Blackfish Explores the Psychology of Killer Orcas

Photo by Jo Kassis

Gabriela Cowperthwaite’s 2013 documentary Blackfish explores the lives of orcas living in captivity. Tilikum, a male orca at the center of the story, allegedly killed three people. Blackfish explores how animals are treated in captivity and how it may affect their behavior. The documentary includes interviews with former SeaWorld trainers, marine biologists, and a neuroscientist.

Dawn Brancheau

When paramedics responded to SeaWorld Orlando on February 24, 2010, animal trainer Dawn Brancheau was found scalped. One responder said that there was no blood and that Tilikum still had a hold of her. He said that Tilikum wouldn’t let go of her arm and eventually swallowed it. According to the autopsy report, Brancheau had several injuries including lacerations and fractures. 
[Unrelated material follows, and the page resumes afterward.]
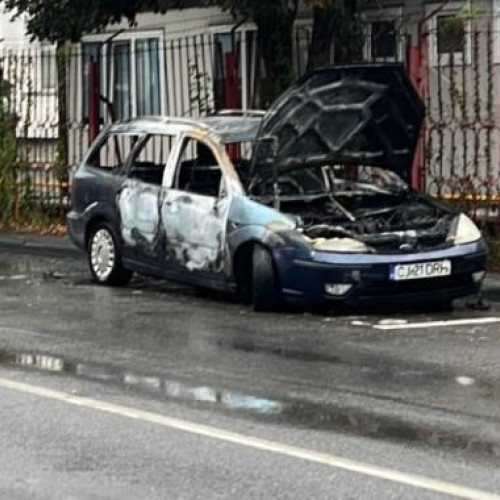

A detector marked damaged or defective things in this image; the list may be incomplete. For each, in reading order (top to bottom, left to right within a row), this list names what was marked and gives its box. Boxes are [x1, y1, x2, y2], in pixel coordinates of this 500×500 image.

burned car [68, 64, 486, 310]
Brancheau was reportedly a very conscientious and experienced trainer. People who knew and worked with her remember her fondly. They don’t recall her mistreating the animals. Brancheau took her job seriously and would review tapes of her performances to evaluate what she needed to improve.

SeaWorld called Brancheau’s death an accident caused by “trainer error.” However, those who worked with her disagree. Trainers working that day said that the orcas had been behaving erratically all day, for example, chasing each other. During the last show, Tilikum grabbed Brancheau’s arm. At some point, the orca grabbed Brancheau’s ponytail and dragged her under the water.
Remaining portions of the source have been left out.